The Last – Naruto The Movie Review

“The last story is a first love”

The Last – Naruto the Movie, is the tenth overall film based on the Naruto franchise, and is NOT the last one, though the last to feature Naruto as the lead character. For the previous film I mentioned how it was odd that it was made to fit into the anime’s timeline, well this movie fits into the original manga’s timeline and is in fact canon to it! This is where, funnily enough, if you’ve just been watching the anime via the DVD releases or even simucast straight from Japan, you’ll get a good bunch of spoilers as to how the series ends and the fates of the lead characters.

When the manga ended it time-skipped several years for its final chapter and did the classic “here are the characters as adults with kids of their own!” thing, but missing was how Naruto, the eternally dense protagonist, and Hinata, the shy always-had-a-crush-on-Naruto character, got together to have to children. That’s where this story comes in, set two years after the end of the Fourth Shinobi World War, Hinata is still trying to get Naruto’s attention, but is finding it hard both due to his lack of attention/knowledge of what love is, and that fact that after becoming the hero of the hour during the war, he now gets all the attention from all the girls of the village. Meanwhile, Kakashi (who is now Hokage) and the other village leaders have a meeting about the rather disturbing news that the moon has suddenly began descending down towards the Earth. On a hunch he sends Naruto, Sakura, Shikimaru, Sai and Hinata after people who have kidnapped the latter’s little sister, thinking that the two incidents aren’t a coincidence.

This leads me to talk about the weakest part of the film, the lead villain. Now, it’s always a problem with any film that when you introduce a new antagonist as he/she has to be introduced, developed, and then satisfactorily ended, all in under two hours. I think when it comes to these shonen spin-off (or not so spin-off in this case, but you know what I mean!) movies that we all know the lead villain is often there just to get defeated by the lead antagonist in a large-scale battle at the climax, and that’s exactly what they do here. They try and make you care about him, as per usual with Naruto villains there is a tragic backstory to him, but in the end you don’t really care. Thankfully, this time that’s because the whole purpose of the film is how Naruto and Hinata fall in love with each other, and I can say that it is handled perfectly here. Naruto’s realisation of how devoted Hinata has been to him, and then realising he actually loves her back but being too shy/ashamed to say it back for a while, is really well done. Surprisingly so. Naruto is a lead protagonist I’ve never had too much attachment too, instead it’s the other characters and the world that was created around them that drew me to the show, but by the end of the film I felt genuinely happy for his discovery and maturation and I think I actually liked him a whole lot by the time the end credits arrived. After all this time, it was a “good for him, he deserves it” moment.

So should you buy it? Yes. Yes you should. Well, unless you have literally no interest in Naruto, but then if that’s the case you probably didn’t bother reading this review. If you’ve managed to remain spoiler-free while watching the anime, then have fun with the now needless filler going on and you can watch it when the anime finally ends the manga storyline (before moving on to a new show about Naruto’s son…) because it does fill in a little hole in the overall storyline. It should also be praised on its own merits, a shonen film that’s not a brief set up for a final battle but instead a love story that’s handled really well for a show that has been anything but throughout its run, minus a few juvenile crushes here and there.

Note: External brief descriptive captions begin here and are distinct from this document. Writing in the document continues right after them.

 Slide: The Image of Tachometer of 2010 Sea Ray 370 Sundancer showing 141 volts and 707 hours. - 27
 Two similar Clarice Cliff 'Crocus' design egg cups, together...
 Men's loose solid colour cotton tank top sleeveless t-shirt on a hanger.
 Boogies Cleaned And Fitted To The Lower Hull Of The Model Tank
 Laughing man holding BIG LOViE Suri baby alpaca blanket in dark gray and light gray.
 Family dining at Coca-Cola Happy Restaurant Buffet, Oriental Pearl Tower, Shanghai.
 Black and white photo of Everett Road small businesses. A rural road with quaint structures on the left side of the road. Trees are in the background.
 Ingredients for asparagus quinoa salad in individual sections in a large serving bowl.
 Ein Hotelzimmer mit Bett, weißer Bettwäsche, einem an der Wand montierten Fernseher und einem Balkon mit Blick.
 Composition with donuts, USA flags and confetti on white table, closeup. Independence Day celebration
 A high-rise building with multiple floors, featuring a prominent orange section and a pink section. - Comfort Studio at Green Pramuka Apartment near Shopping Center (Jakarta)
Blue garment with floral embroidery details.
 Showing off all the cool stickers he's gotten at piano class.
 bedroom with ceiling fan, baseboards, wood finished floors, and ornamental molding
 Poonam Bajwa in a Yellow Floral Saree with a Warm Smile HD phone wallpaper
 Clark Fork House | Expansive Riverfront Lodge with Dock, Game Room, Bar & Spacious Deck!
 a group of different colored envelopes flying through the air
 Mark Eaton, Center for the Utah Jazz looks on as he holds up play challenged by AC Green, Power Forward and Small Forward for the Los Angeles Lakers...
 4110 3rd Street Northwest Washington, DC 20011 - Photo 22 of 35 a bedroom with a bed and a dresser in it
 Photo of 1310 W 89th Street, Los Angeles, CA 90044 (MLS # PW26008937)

Overall, while it has some good fight scenes, this is all about how two characters got together in the period between Naruto’s 699th and 700th chapters, and it does this very well indeed. A must have for even the most causal Naruto fans.

8 / 10

Cold Cobra

Having watched anime since it was airing late night on the Sci-Fi channel in the late 90s, I consider myself... someone who's watched a lot of anime, and then got hired to write reviews about them. Hooray!